### Aim of the task
Your task is to transcribe all the entries exactly, excluding pictures.
--- START ---
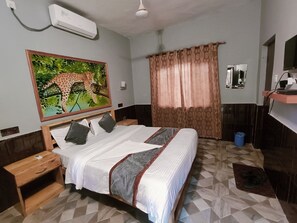 Premium Room | Desk, iron/ironing board, free WiFi - Gorkha Hamlet Resort (Sauraha)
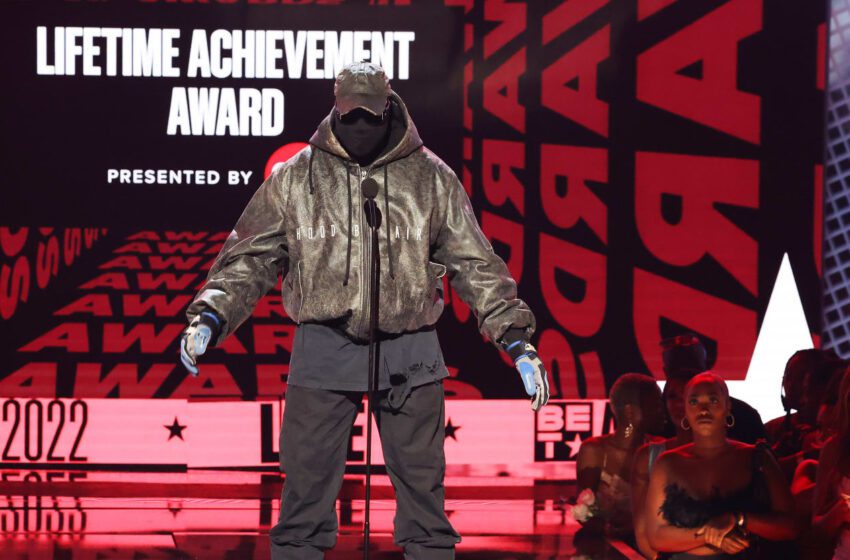  Kanye hace una impactante aparición en los premios BET para honrar a su ‘artista favorito’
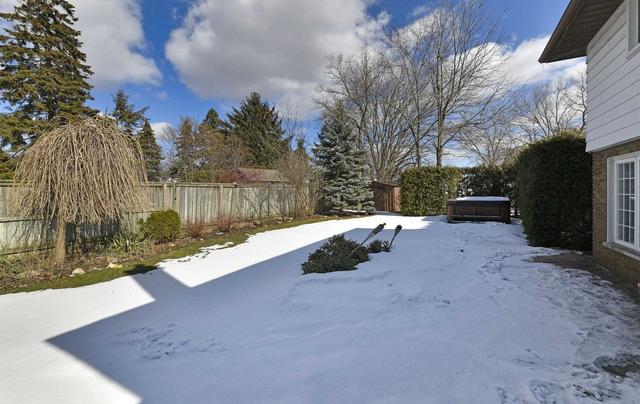 5 Emming Crt, House detached with 3 bedrooms, 2 bathrooms and 4 parking in Hamilton ON | Image 18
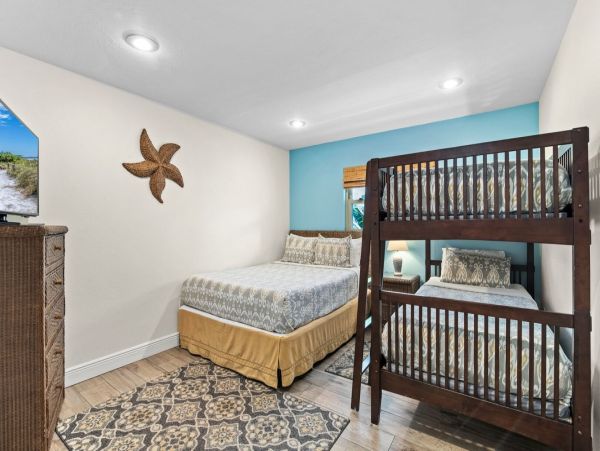 Siesta Key Four Bedrooms Rent Separately or as One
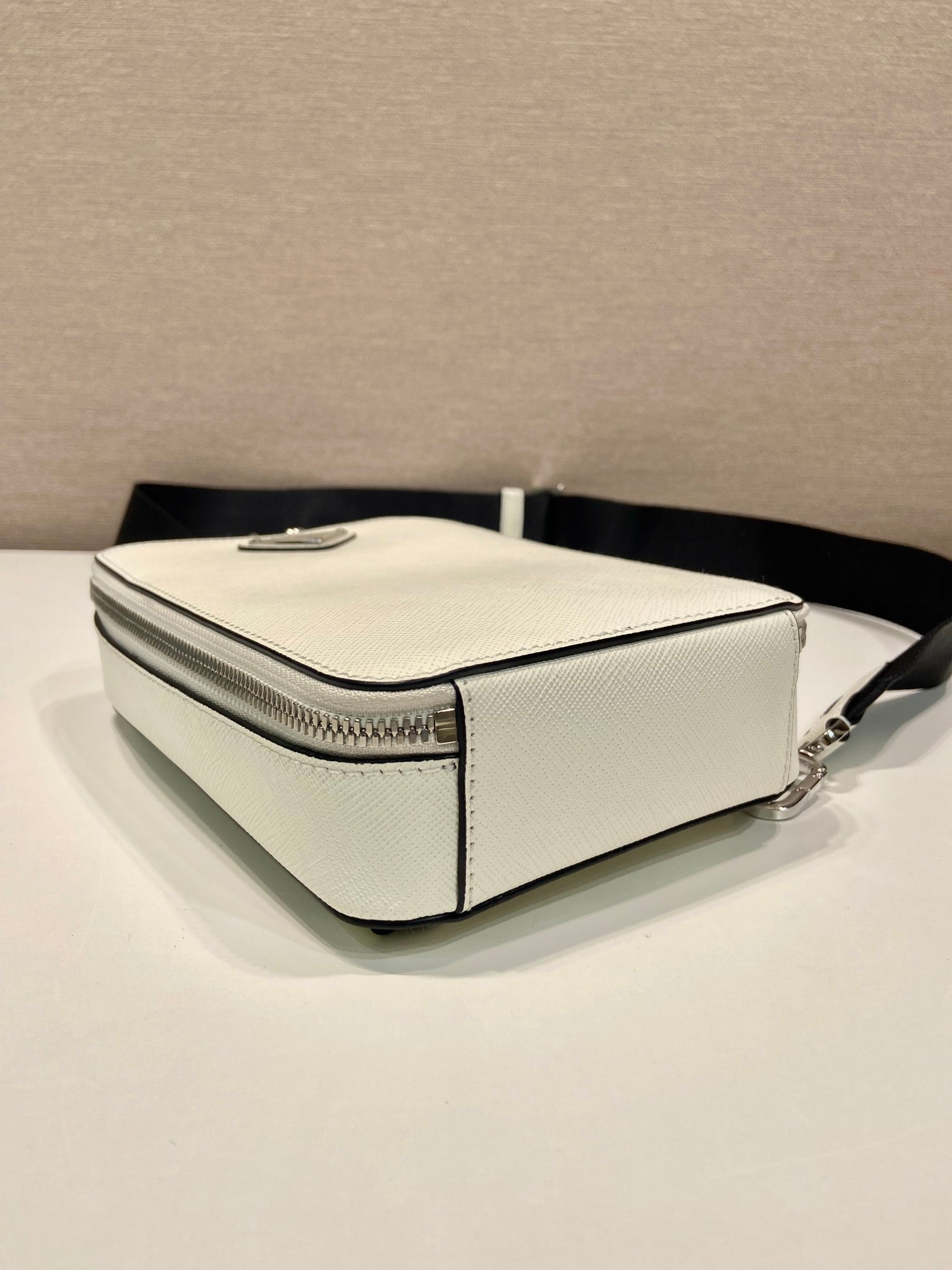 CHEST BAG 20 IN WHITE SAFFIANO LEATHER mysite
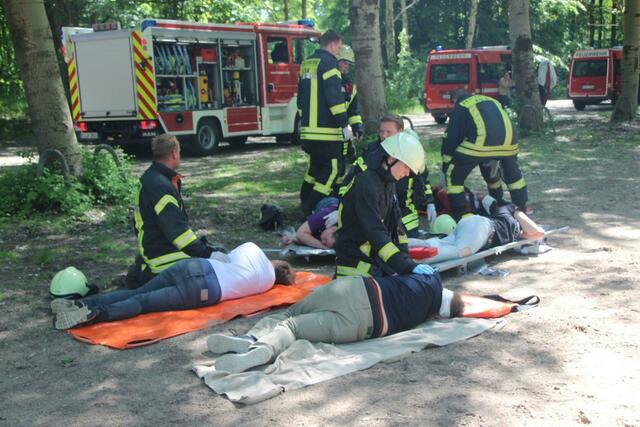 Rund zwanzig teilweise schwerstverletzte Personen mussten nach einem fiktiven Unfall  auf einem Parkplatz am Fühlinger See möglichst rasch versorgt werden. | Foto: Patrick Lievertz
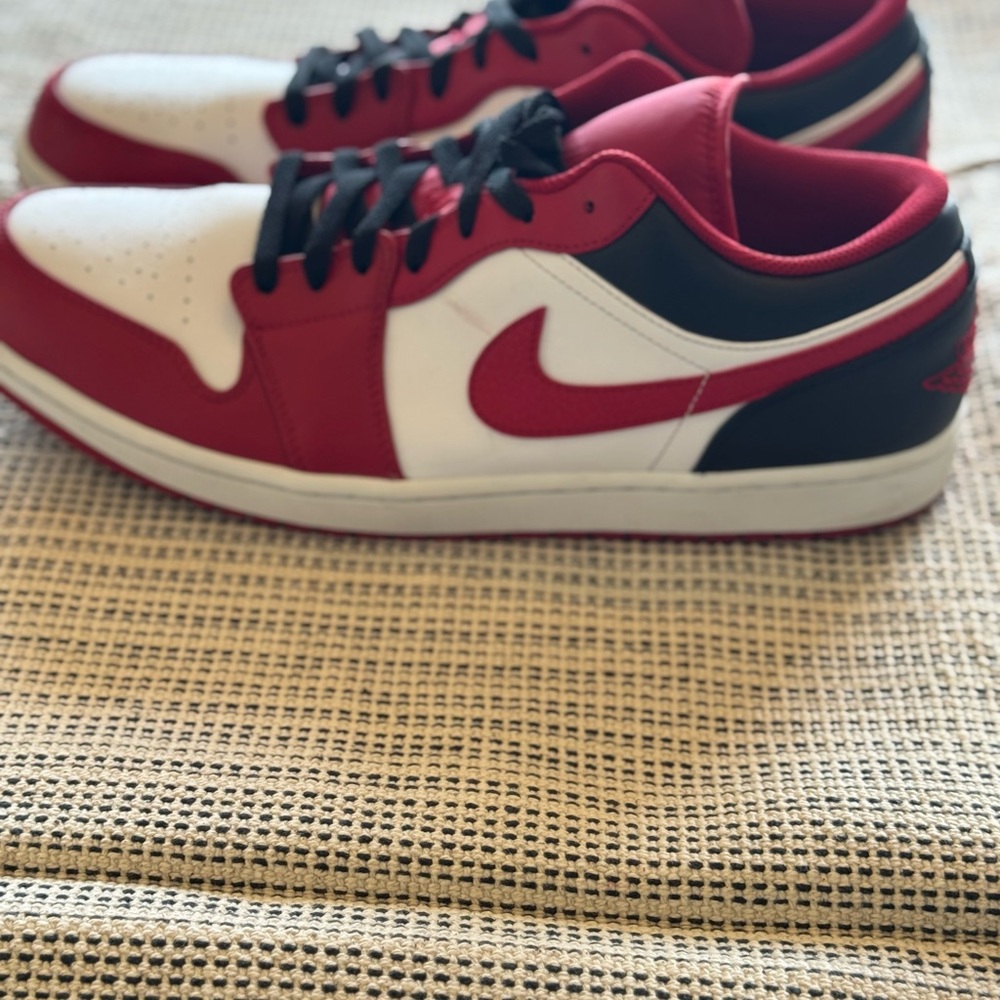 Air Jordan 1 Low “Black Toe” (2023 Retro) - Picture 3 of 5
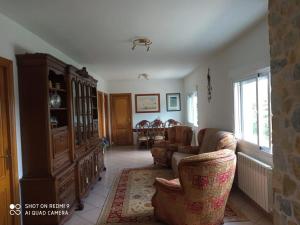 Posedenie v ubytovaní Spacious House with Garden in Touro – Family-Friendly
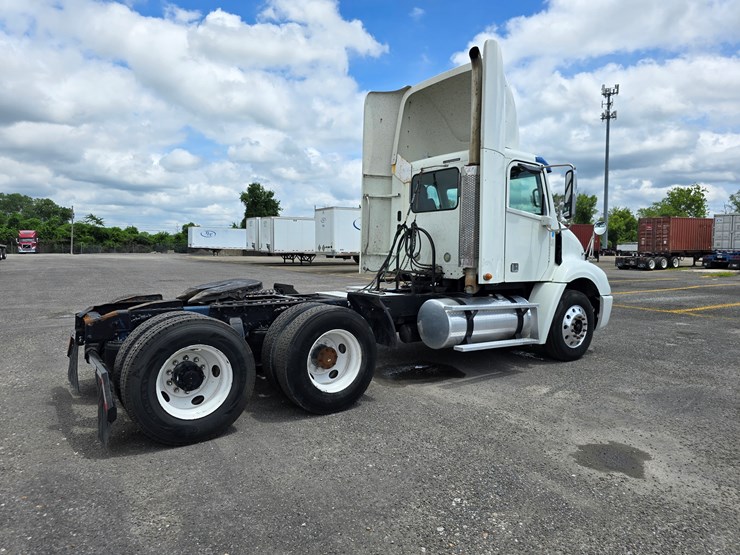 2013-freightliner-columbia-112-image-32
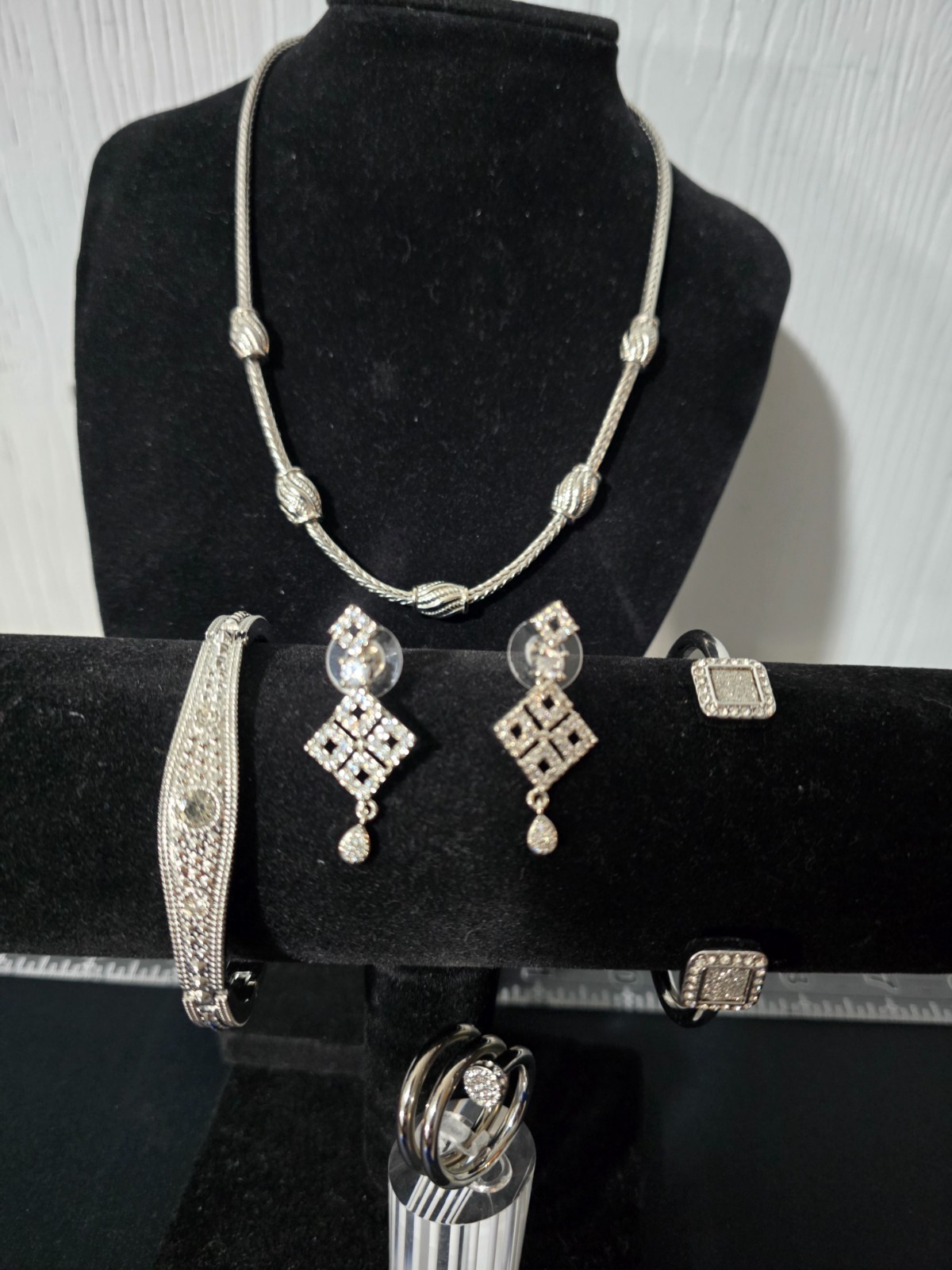 Beautiful coordinate jewelry lot (necklace, ring, earrings and two bracelet.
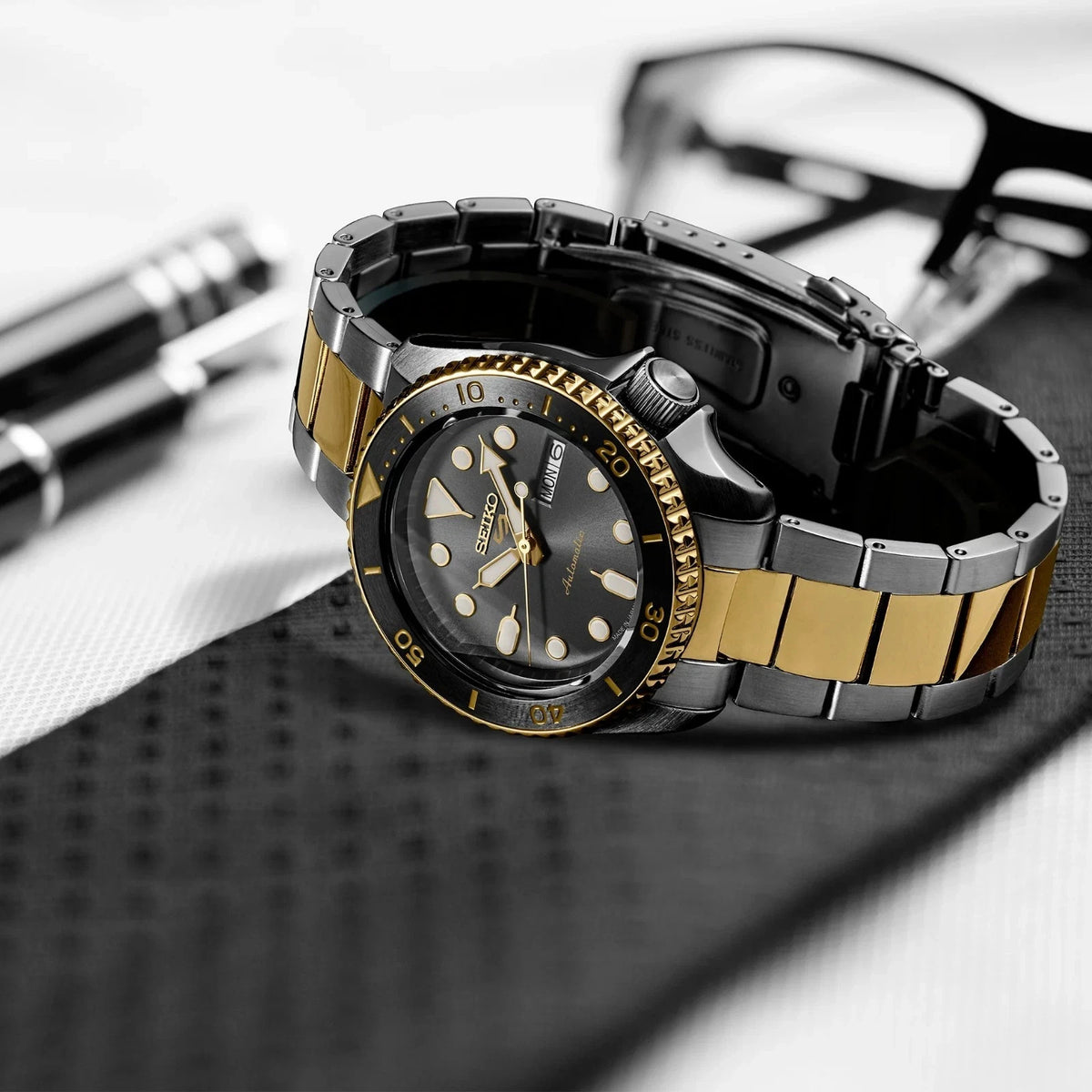 Seiko 5 Sports Two Tone Automatic Mens Watch SRPK22 Brand New In The Box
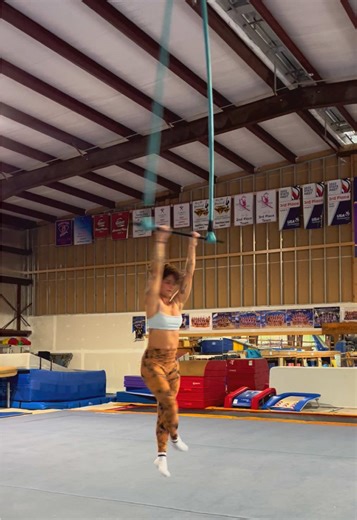 Old video cause I miss aerials and wish I could be swinging in the sky right now😭 Working my lil booty off these holidays but we’ll get back to it soon 💗 #aerials #trapeze #spin #aerialistsoftiktok #fyp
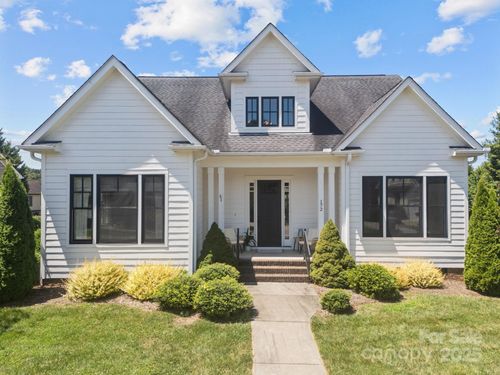 172 Birchbark Dr, Mills River, NC, 28759-4100 | Card Image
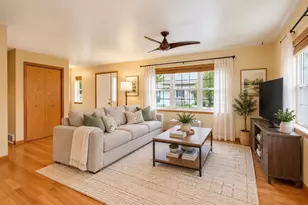 869 Chandler Ln, Sun Prairie, WI 53590 - Photo 3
--- END ---
### Solved exercise
 Premium Room | Desk, iron/ironing board, free WiFi - Gorkha Hamlet Resort (Sauraha)
  Kanye hace una impactante aparición en los premios BET para honrar a su ‘artista favorito’
 5 Emming Crt, House detached with 3 bedrooms, 2 bathrooms and 4 parking in Hamilton ON | Image 18
 Siesta Key Four Bedrooms Rent Separately or as One
 CHEST BAG 20 IN WHITE SAFFIANO LEATHER mysite
 Rund zwanzig teilweise schwerstverletzte Personen mussten nach einem fiktiven Unfall  auf einem Parkplatz am Fühlinger See möglichst rasch versorgt werden. | Foto: Patrick Lievertz
 Air Jordan 1 Low “Black Toe” (2023 Retro) - Picture 3 of 5
 Posedenie v ubytovaní Spacious House with Garden in Touro – Family-Friendly
 2013-freightliner-columbia-112-image-32
 Beautiful coordinate jewelry lot (necklace, ring, earrings and two bracelet.
 Seiko 5 Sports Two Tone Automatic Mens Watch SRPK22 Brand New In The Box
 Old video cause I miss aerials and wish I could be swinging in the sky right now😭 Working my lil booty off these holidays but we’ll get back to it soon 💗 #aerials #trapeze #spin #aerialistsoftiktok #fyp
 172 Birchbark Dr, Mills River, NC, 28759-4100 | Card Image
 869 Chandler Ln, Sun Prairie, WI 53590 - Photo 3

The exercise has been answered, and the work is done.